American avant-garde musician, writer, photographer

Leila Bela (ليلا بلا) is an Iranian-born American avant-garde musician, writer, photographer, actress, multi-instrumentalist, playwright, and recording artist from Austin, Texas.

==Early life and education==
Bela was born Leila Bela Kousheshi, in Tehran, Iran, to a family of Persian female singers and musicians such as her great-aunt Monir Vakili
as well as former Persian royalty, descendants of the Qajar Empire but was not raised by them. Her mother abandoned her at age four and she lived in several foster homes and with family and strangers all over the world growing up. In her early teens she was very active in the punk and underground music scene. She began attending Nightclubs and gay bars such as Numbers and Rich's in Houston, Tx.

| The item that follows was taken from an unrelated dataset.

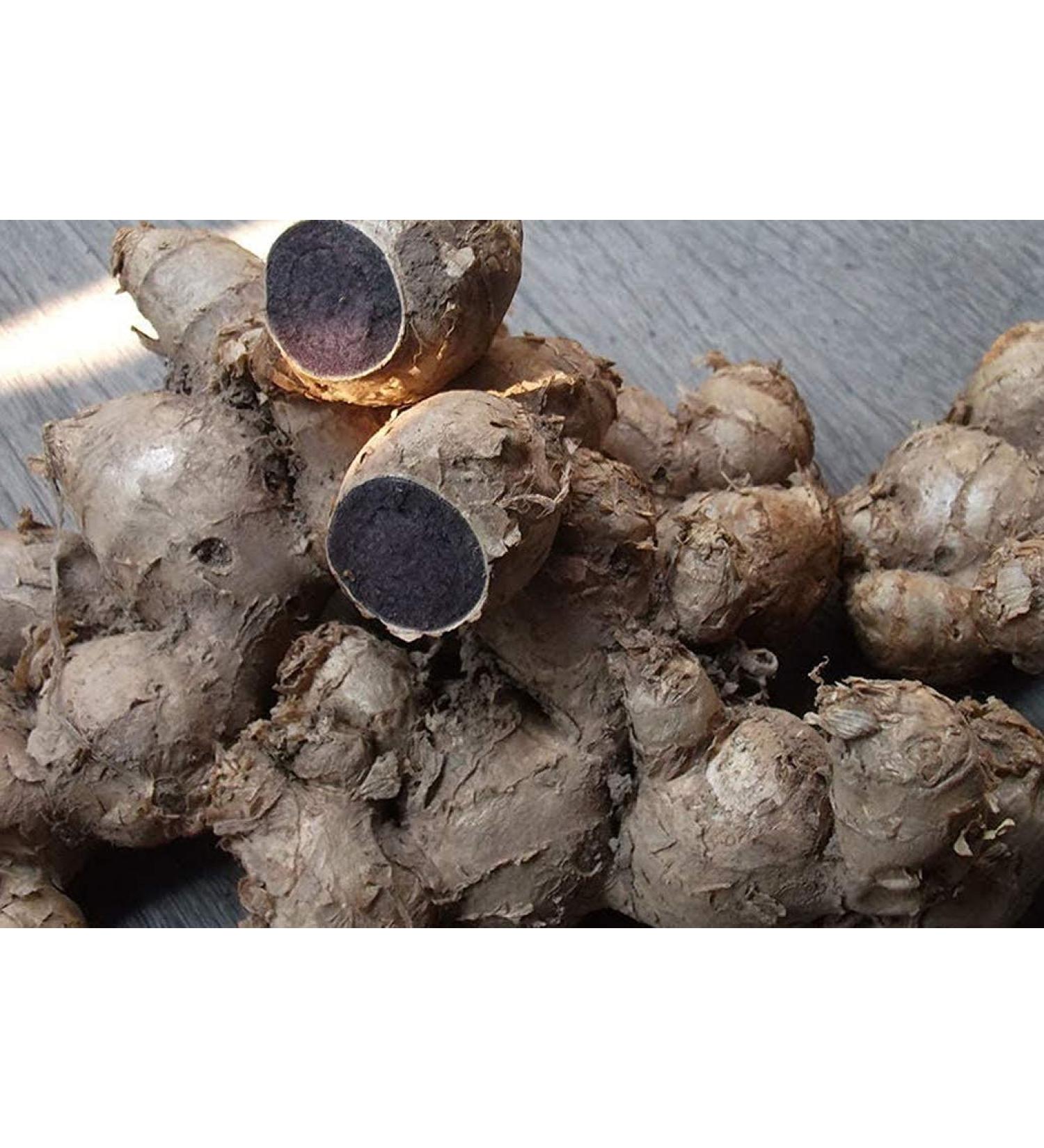 deal Dry Kali Haldi Black Turmeric Sprouting Seed for Pooja 7Pcs 50g Zarambad E zhu Curcuma zerumbet Roxb Shati Puthupalashika Narkachoor Turmaric Curcumin Narkachur Kali Haldi Nar Kachur Nar Kachoor Black Turmeric Haridra kali haldi narkachur kachur- kac - Buy Online on GoSupps.com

In her late teens she began writing freelance articles about underground music for various local papers. Her first major job was an interview with Trent Reznor of Nine Inch Nails. She had been told by the paper only to cover the show, but when Reznor saw her, he introduced himself and offered her an interview, allowing her to use his recording device to record it. She accepted, and he later invited her to the opening of the very first Lollapalooza as his guest and a reporter.

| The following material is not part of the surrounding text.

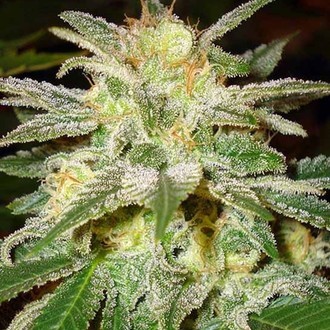 New York 47 (World Of Seeds) feminizowane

After dealing with issues of misogyny in the newspaper industry she started her own one-woman music magazine in 1998 called NYXLair while attending college at the University of Houston. There she double majored in theatre and physics and minored in literature, as well as taking independent studies in photography and playwriting. She was one of five students, chosen out of thousands who had submitted original plays, to study with award-winning playwright Edward Albee, known for his dark themes.

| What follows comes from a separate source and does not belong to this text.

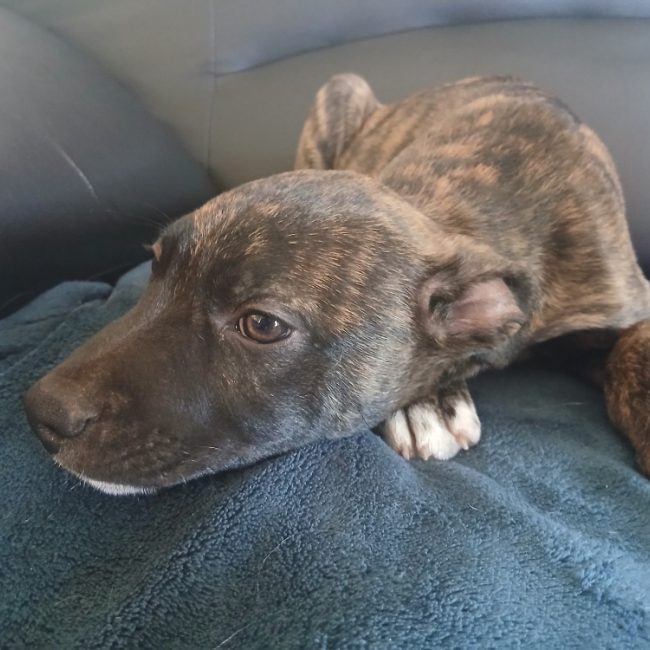 Oursin - Chien Berger Belge Malinois à adopter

Her Shakespeare audition in her second year at university also landed her in a class taught by master Shakespearean director Sir Peter Hall, who chose four people for the semester class in Houston. She performed such roles as Natalia in Three Sisters in 2001, Lady Nijo in Top Girls in 2002, Regan in King Lear, Phoebe in As You Like It, and Antigone in Antigone.

== Career ==
Despite her teachers urging her to pursue an acting career, Bela decided to start writing a concept album of experimental music after school and soon left the theatre world for music with a theatrical twist. After releasing her first album, which she recorded at home on a small recording device, she started playing live shows. After opening for bandleader Martin Atkins' group in a show, she joined his supergroup Pigface briefly in 2004.

In 2002, she launched Ellahy Amen Records, a label based in Paris, France and Austin, Texas for avant-garde musicians.

According to her website, Bela got the idea to start her own label after getting offers from other labels that she wasn't satisfied with; she didn't want to be on a male-run label. According to an interview on Persian radio, this decision came after Mike Patton emailed her urging her to pick the label that was the best permanent home for her music rather than a label that would be a quick fix. Artists signed to her label include Bela herself; Maya Bond, an eight-year-old singer-songwriter; and Lexion Blacklord, a musician from Switzerland.

Bela is also the creator of a custom-made instrument called a Beltar, which has sympathetic strings and can play either noise or melody. The Beltar can be used both electrically or acoustically. Bela designed it to look like a weapon based on a theory Trey Spruance related to her of how "instruments are the weapons of angels".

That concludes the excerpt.